Blix arrives in Baghdad for talks

The chief UN arms inspectors arrived in Baghdad today for urgent talks with Iraqi officials, bearing a long list of questions about Iraq’s weapons programmes and a demand for more “active co-operation” from Saddam Hussein’s government.

Hans Blix and Mohamed ElBaradei arrived for what Mr ElBaradei described as a “last-ditch effort” to persuade Iraq “to give us what we need” before the two report to the UN Security Council on January 27 to give their assessment of Iraq’s claim that it has no banned chemical, biological or nuclear weapons.

“We do not think that war is inevitable,” Blix told reporters in Baghdad. “We think that the inspection process that we are conducting is the peaceful alternative. It requires comprehensive inspections and it requires a very active Iraqi co-operation.”

“It’s in Iraq’s benefit to submit all the evidence it has, so that we can submit positive reports to the Security Council,” ElBaradei, head of the UN nuclear agency, told reporters. He said the possibility of war “very much depends on progress we make in the next few weeks”.

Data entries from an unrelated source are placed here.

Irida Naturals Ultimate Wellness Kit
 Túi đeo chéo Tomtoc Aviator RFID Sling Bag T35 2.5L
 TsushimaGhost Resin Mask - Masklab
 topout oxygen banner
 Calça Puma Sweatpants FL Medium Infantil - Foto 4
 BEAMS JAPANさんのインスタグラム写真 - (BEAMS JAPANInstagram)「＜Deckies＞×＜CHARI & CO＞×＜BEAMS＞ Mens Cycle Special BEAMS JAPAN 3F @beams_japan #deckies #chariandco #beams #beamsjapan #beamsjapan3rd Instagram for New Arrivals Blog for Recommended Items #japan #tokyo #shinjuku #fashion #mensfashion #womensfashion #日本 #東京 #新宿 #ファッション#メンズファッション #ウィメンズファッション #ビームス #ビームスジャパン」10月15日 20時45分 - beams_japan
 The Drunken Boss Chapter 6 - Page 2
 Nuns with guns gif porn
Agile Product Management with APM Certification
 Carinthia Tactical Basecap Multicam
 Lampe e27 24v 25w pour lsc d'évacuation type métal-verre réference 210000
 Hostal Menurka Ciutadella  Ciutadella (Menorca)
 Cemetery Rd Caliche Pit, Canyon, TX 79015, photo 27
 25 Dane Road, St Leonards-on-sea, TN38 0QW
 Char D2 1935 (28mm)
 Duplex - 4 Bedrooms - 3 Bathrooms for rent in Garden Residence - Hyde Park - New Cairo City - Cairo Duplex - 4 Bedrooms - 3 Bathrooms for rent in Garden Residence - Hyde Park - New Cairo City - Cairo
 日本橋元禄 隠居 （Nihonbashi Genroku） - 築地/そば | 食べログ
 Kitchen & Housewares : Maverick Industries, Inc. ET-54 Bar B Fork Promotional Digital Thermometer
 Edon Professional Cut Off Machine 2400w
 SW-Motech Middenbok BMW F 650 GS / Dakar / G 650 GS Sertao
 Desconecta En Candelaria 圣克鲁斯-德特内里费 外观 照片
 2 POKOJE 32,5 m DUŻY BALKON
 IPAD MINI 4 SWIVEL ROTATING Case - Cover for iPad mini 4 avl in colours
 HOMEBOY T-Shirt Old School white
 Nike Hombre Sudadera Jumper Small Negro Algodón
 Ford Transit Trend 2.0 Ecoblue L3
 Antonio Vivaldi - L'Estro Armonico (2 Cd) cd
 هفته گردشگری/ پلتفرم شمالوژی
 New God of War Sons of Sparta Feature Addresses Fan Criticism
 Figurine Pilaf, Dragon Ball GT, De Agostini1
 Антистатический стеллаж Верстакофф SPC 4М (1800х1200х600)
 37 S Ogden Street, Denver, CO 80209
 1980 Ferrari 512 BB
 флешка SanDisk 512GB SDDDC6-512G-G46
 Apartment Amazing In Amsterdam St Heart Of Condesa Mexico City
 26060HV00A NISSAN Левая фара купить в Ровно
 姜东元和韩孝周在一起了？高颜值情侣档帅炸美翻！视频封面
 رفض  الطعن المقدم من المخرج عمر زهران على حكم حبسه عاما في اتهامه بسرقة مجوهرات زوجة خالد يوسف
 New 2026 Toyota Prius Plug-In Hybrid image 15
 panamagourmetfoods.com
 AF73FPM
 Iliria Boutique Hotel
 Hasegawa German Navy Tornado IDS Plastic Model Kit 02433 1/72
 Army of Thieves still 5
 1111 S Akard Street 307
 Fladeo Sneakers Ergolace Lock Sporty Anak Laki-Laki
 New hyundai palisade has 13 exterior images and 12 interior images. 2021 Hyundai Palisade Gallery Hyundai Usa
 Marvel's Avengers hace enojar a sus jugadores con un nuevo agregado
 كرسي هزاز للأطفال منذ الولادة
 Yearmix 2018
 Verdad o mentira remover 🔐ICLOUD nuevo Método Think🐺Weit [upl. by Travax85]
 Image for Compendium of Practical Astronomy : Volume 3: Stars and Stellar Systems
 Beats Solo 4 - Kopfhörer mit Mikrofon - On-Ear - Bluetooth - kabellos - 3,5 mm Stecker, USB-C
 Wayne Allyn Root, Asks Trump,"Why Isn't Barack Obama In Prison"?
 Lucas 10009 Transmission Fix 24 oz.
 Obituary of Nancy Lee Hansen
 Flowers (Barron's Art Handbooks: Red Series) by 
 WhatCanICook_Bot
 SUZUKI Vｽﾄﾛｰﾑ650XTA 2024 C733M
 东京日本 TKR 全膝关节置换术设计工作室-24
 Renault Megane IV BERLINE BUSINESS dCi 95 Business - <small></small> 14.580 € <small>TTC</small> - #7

He and Dr Blix, head of the UN inspectors specialising in chemical and biological arms, landed at midday at Saddam International Airport after a flight from Cyprus, where they have a rear base.

They were met by presidential science adviser Lt Gen Amer al-Saadi, who was to lead the Iraqi delegation in three hours of talks this afternoon and for two hours tomorrow morning, after which the UN officials would depart.

“We need to show progress because the international community is getting very much impatient,” ElBaradei said in Cyprus. “We need to bring closure to the Iraqi file on weapons of mass destruction.”

Blix said the inspection program was not “a preview to war. It is an alternative to war and that is what we want to achieve. We are not here to humiliate or to insult. We are here to inspect in the best, correct manner.”

Those inspections continued today, as they have almost every day since November 27. Experts from the UN agencies fanned out to an ammunition plant and university south of Baghdad, a missile factory west of the capital and a chemical plant and another university campus in Baghdad.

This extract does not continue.